§ DATA PROVIDED

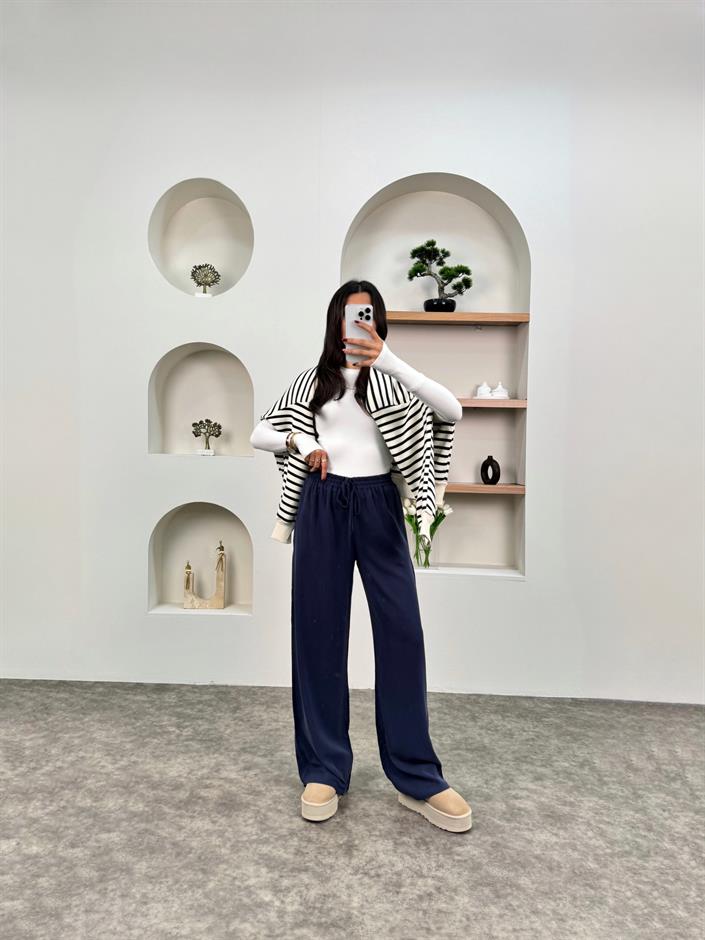 Jayla Lacivert Kalın Tensel Muadil Beli Lastikli Pantolon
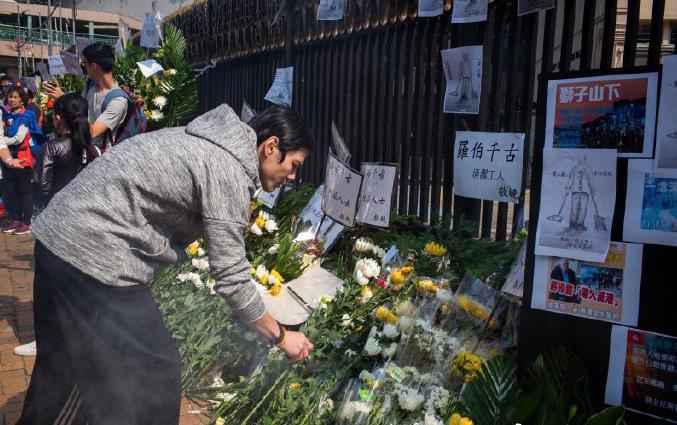 香港七旬清洁工罗伯被砸死 向佐在头七去现场吊唁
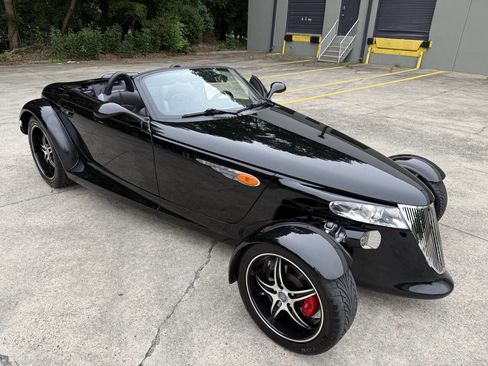 Used 1999 Plymouth Prowler RWD image 19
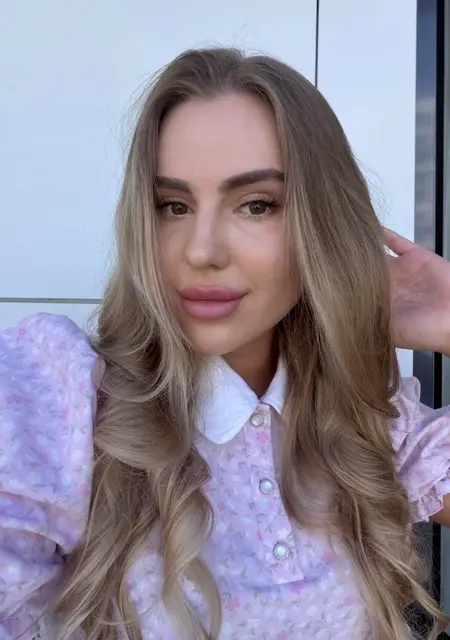 Я Juli, 23, знакомлюсь для постоянных отношений в Сочи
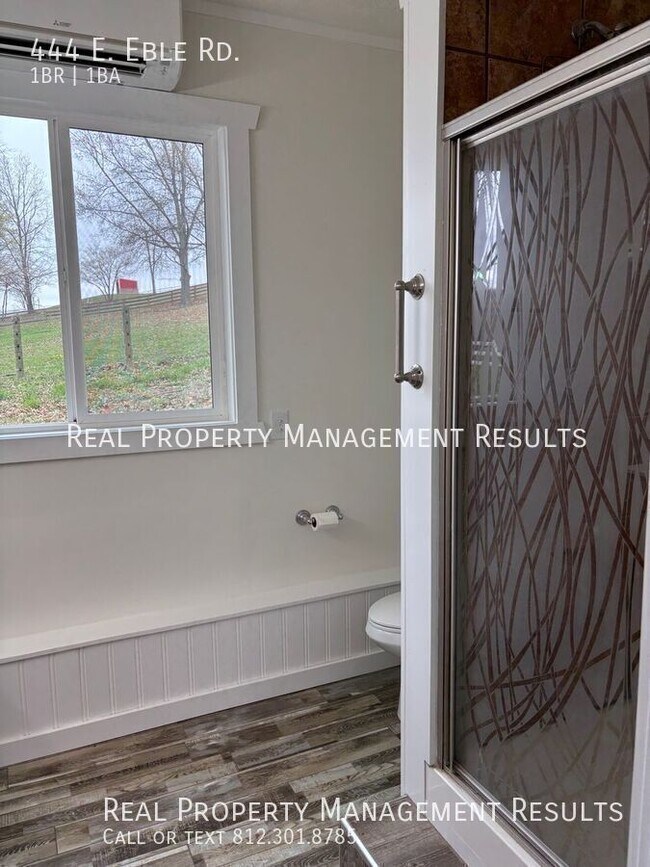 Building Photo - 444 E Eble Rd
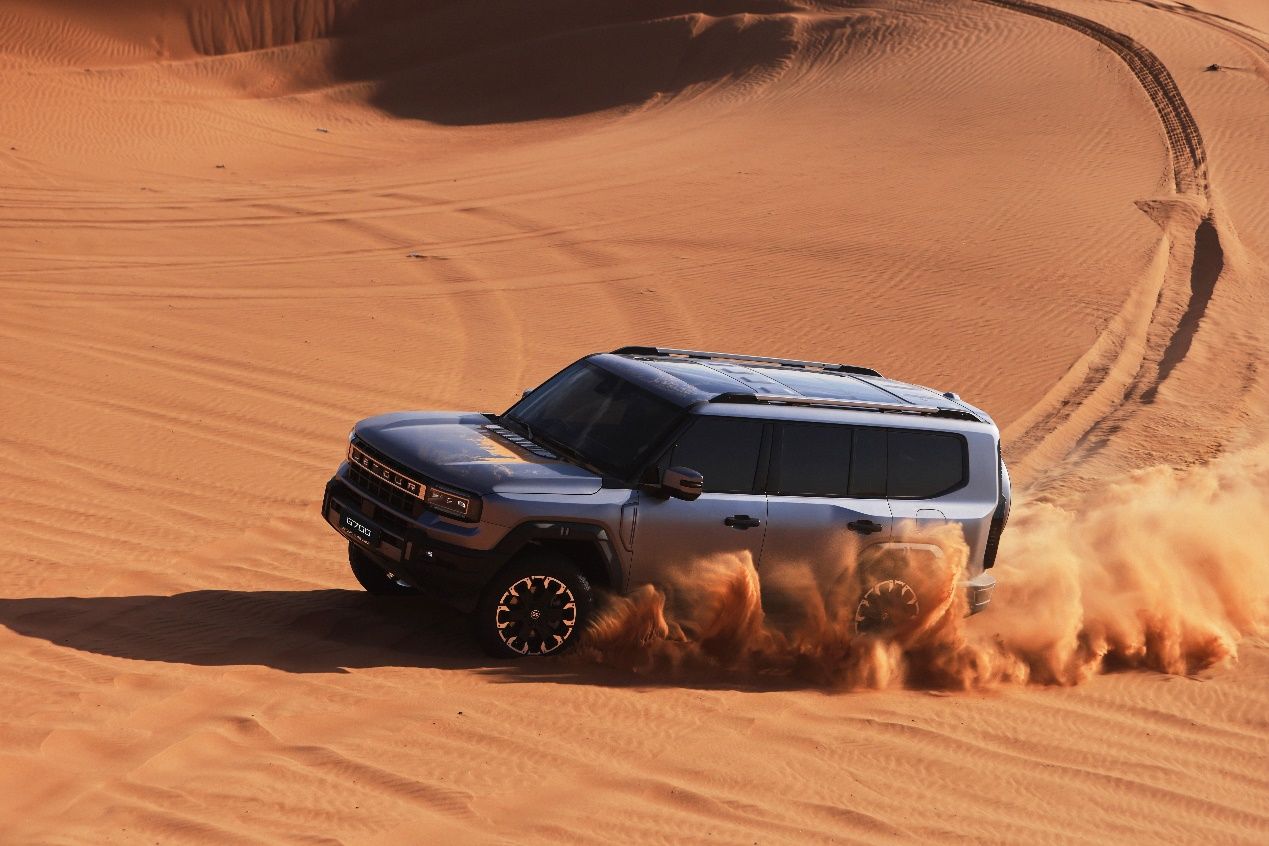 Explorar el desierto y disfrutar del confort, JETOUR G700 redefine la experiencia premium todoterreno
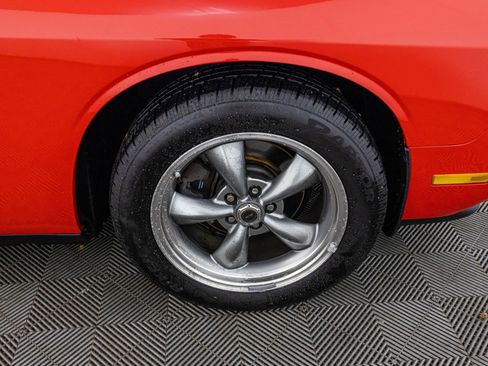 Used 2014 Dodge Challenger SXT image 39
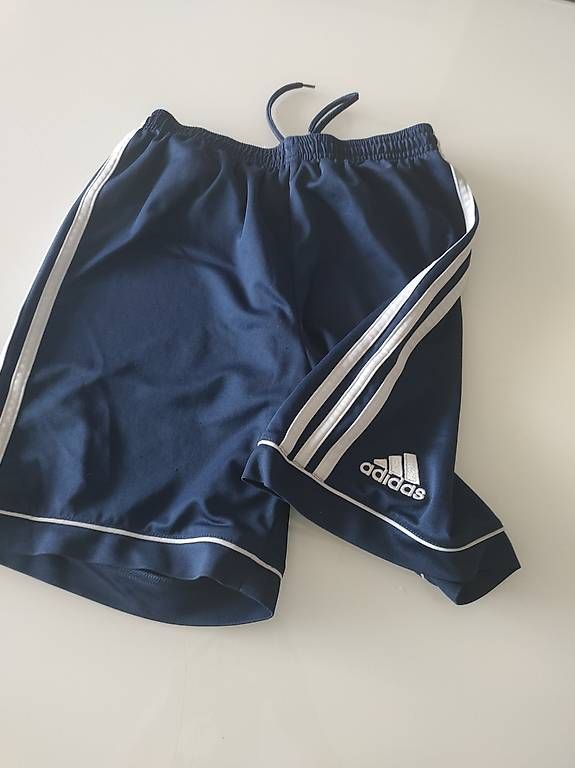 Lotti & Set di vestiti: Completo Adidas – Usato da Bellinzona venduto da mar_b5cp 1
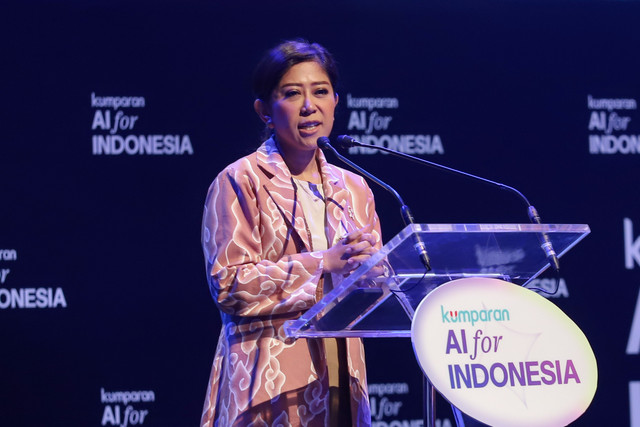 Menteri Komunikasi dan Digital Meutya Hafid memberikan keynote speech pada acara kumparan AI for Indonesia 2025 di The Ballroom at Djakarta Theater, Jakarta Pusat, Kamis (23/10/2025). Foto: Jamal Ramadhan/kumparan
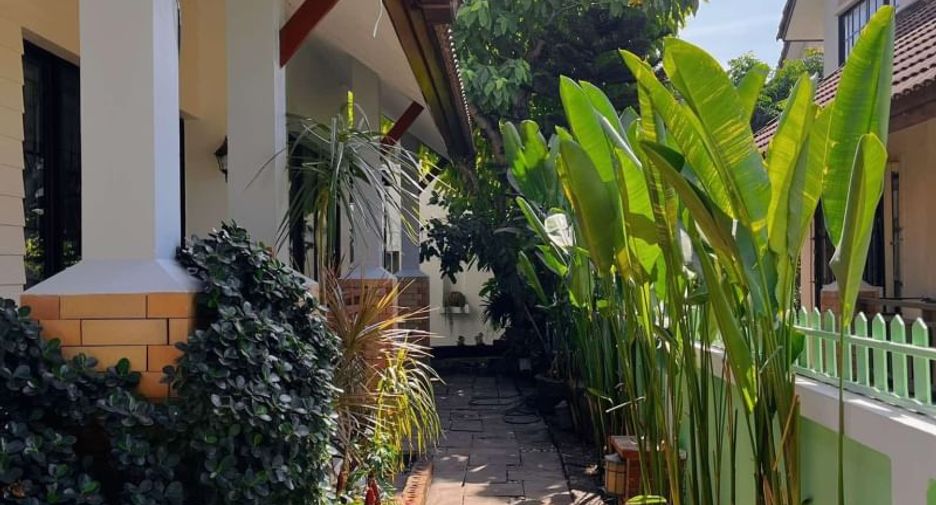Haus zur Miete mit 3 Zimmer in Si Racha, Chonburi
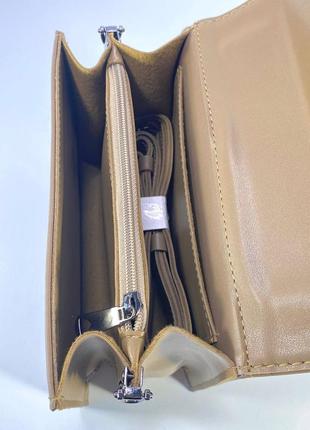 Женская сумочка-клатч с ручкой и ремешком кожаная3 фото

§ DIRECTIONS FOR THIS TASK
Lines from the one holding "Used 1999 Plymouth Prowler RWD image 19" to the end of the data, both ends included, are to be given again exactly; no pictures belong in the copy.

§ SOLUTION
 Used 1999 Plymouth Prowler RWD image 19
 Я Juli, 23, знакомлюсь для постоянных отношений в Сочи
 Building Photo - 444 E Eble Rd
 Explorar el desierto y disfrutar del confort, JETOUR G700 redefine la experiencia premium todoterreno
 Used 2014 Dodge Challenger SXT image 39
 Lotti & Set di vestiti: Completo Adidas – Usato da Bellinzona venduto da mar_b5cp 1
 Menteri Komunikasi dan Digital Meutya Hafid memberikan keynote speech pada acara kumparan AI for Indonesia 2025 di The Ballroom at Djakarta Theater, Jakarta Pusat, Kamis (23/10/2025). Foto: Jamal Ramadhan/kumparan
Haus zur Miete mit 3 Zimmer in Si Racha, Chonburi
 Женская сумочка-клатч с ручкой и ремешком кожаная3 фото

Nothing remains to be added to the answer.